Re: BPF vs objtool again

From: Alexei Starovoitov
Date: Wed Apr 29 2020 - 22:10:58 EST


On Wed, Apr 29, 2020 at 07:13:00PM -0500, Josh Poimboeuf wrote:
> On Wed, Apr 29, 2020 at 04:41:59PM -0700, Alexei Starovoitov wrote:
> > On Wed, Apr 29, 2020 at 04:51:59PM -0500, Josh Poimboeuf wrote:
> > > On Thu, Jul 18, 2019 at 12:14:08PM -0700, tip-bot for Josh Poimboeuf wrote:
> > > > Commit-ID: 3193c0836f203a91bef96d88c64cccf0be090d9c
> > > > Gitweb: https://git.kernel.org/tip/3193c0836f203a91bef96d88c64cccf0be090d9c
> > > > Author: Josh Poimboeuf <jpoimboe@xxxxxxxxxx>
> > > > AuthorDate: Wed, 17 Jul 2019 20:36:45 -0500
> > > > Committer: Thomas Gleixner <tglx@xxxxxxxxxxxxx>
> > > > CommitDate: Thu, 18 Jul 2019 21:01:06 +0200
> > > >
> > > > bpf: Disable GCC -fgcse optimization for ___bpf_prog_run()
> > >
> > > For some reason, this
> > >
> > > __attribute__((optimize("-fno-gcse")))
> > >
> > > is disabling frame pointers in ___bpf_prog_run(). If you compile with
> > > CONFIG_FRAME_POINTER it'll show something like:
> > >
> > > kernel/bpf/core.o: warning: objtool: ___bpf_prog_run.cold()+0x7: call without frame pointer save/setup
> >
> > you mean it started to disable frame pointers from some version of gcc?
> > It wasn't doing this before, since objtool wasn't complaining, right?
> > Sounds like gcc bug?
>
> I actually think this warning has been around for a while. I just only
> recently looked at it. I don't think anything changed in GCC, it's just
> that almost nobody uses CONFIG_FRAME_POINTER, so it wasn't really
> noticed.
>
> > > Also, since GCC 9.1, the GCC docs say "The optimize attribute should be
> > > used for debugging purposes only. It is not suitable in production
> > > code." That doesn't sound too promising.
> > >
> > > So it seems like this commit should be reverted. But then we're back to
> > > objtool being broken again in the RETPOLINE=n case, which means no ORC
> > > coverage in this function. (See above commit for the details)
> > >
> > > Some ideas:
> > >
> > > - Skip objtool checking of that func/file (at least for RETPOLINE=n) --
> > > but then it won't have ORC coverage.
> > >
> > > - Get rid of the "double goto" in ___bpf_prog_run(), which simplifies it
> > > enough for objtool to understand -- but then the text explodes for
> > > RETPOLINE=y.
> >
> > How that will look like?
> > That could be the best option.
>
> For example:
>
> #define GOTO ({ goto *jumptable[insn->code]; })
>
> and then replace all 'goto select_insn' with 'GOTO;'
>
> The problem is that with RETPOLINE=y, the function text size grows from
> 5k to 7k, because for each of the 160+ retpoline JMPs, GCC (stupidly)
> reloads the jump table register into a scratch register.

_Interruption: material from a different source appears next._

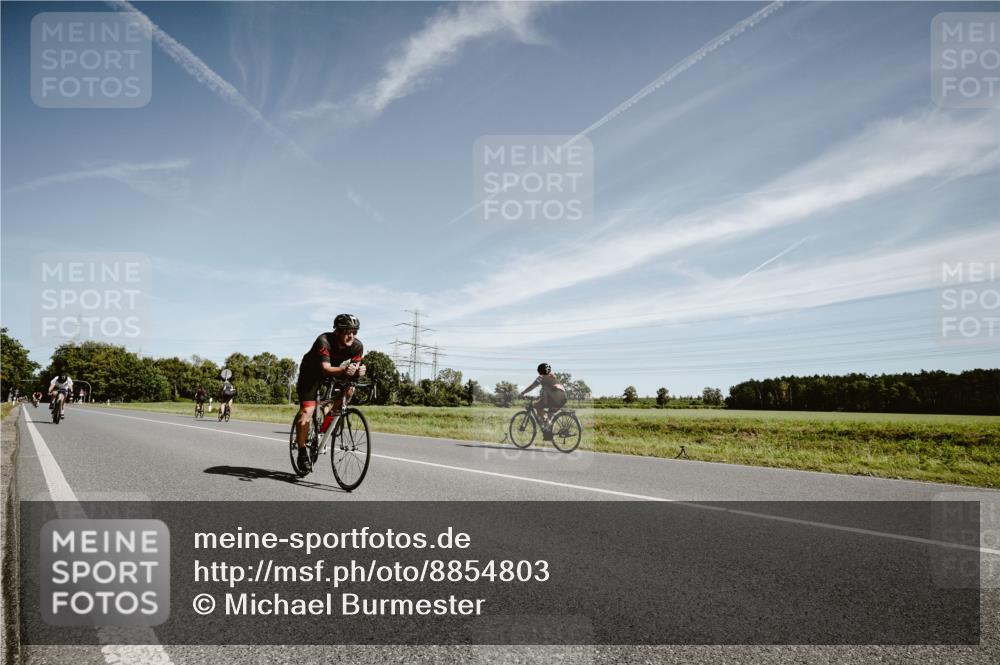 07.09.2025 - 19. Norderstedt Triathlon Michael Burmester http://msf.ph/oto/8854803 07.09.2025 12:01:20 Radfahren 1220, 1267, 1370 meine-sportfotos.de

that would be a tiny change, right?
I'd rather go with that and gate it with 'ifdef CONFIG_FRAME_POINTER'
Like:
#ifndef CONFIG_FRAME_POINTER
#define CONT ({ insn++; goto select_insn; })
#define CONT_JMP ({ insn++; goto select_insn; })
#else
#define CONT ({ insn++; goto *jumptable[insn->code]; })
#define CONT_JMP ({ insn++; goto *jumptable[insn->code]; })
#endif

The reason this CONT and CONT_JMP macros are there because a combination
of different gcc versions together with different cpus make branch predictor
behave 'unpredictably'.

I've played with CONT and CONT_JMP either both doing direct goto or
indirect goto and observed quite different performance characteristics
from the interpreter.
What you see right now was the best tune I could get from a set of cpus
I had to play with and compilers. If I did the same tuning today the outcome
could have been different.
So I think it's totally fine to use above code. I think some cpus may actually
see performance gains with certain versions of gcc.
The retpoline text increase is unfortunate but when retpoline is on
other security knobs should be on too. In particular CONFIG_BPF_JIT_ALWAYS_ON
should be on as well. Which will remove interpreter from .text completely.